AS Daily A Level Physics question
A 1.0 m uniform wooden ruler of mass 0.30 kg is supported on a knife edge at the 40 cm mark. A 0.40 kg mass is hung from the 10 cm mark. Where should a 0.20 kg mass be hung on the right-hand side so that the ruler is horizontal in equilibrium? State the mark on the ruler.
Answer
The correct answer is A.
Correct: A — at the 85 cm mark. Taking moments about the 40 cm pivot: anticlockwise from the 0.40 kg at 10 cm is 0.40 g × 0.30 = 0.12 g; clockwise from the ruler’s own weight at 50 cm is 0.30 g × 0.10 = 0.03 g, so the extra clockwise needed is 0.12 g − 0.03 g = 0.09 g; the 0.20 kg must therefore be at distance d = 0.09 g/(0.20 g) = 0.45 m to the right, i.e. 40 cm + 45 cm = 85 cm. B — at the 100 cm mark: ignores the ruler’s own weight, using 0.40×0.30 = 0.20×d so d = 0.60 m, giving 100 cm.
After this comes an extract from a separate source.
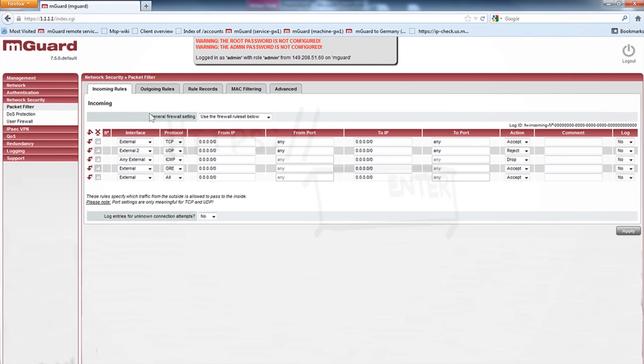You can create firewall rules to establish the interface, protocol, IPs, ports, actions, and logs.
C — at the 55 cm mark: inverts the mass–distance relation (making the lighter mass closer), effectively taking d = 0.30/2 = 0.15 m from the pivot. D — at the 62.5 cm mark: mixes up which mass provides the balancing moment or uses the wrong divisor, e.g. using d = (0.12 − 0.03)/0.40 = 0.225 m, placing the 0.20 kg far too close to the pivot.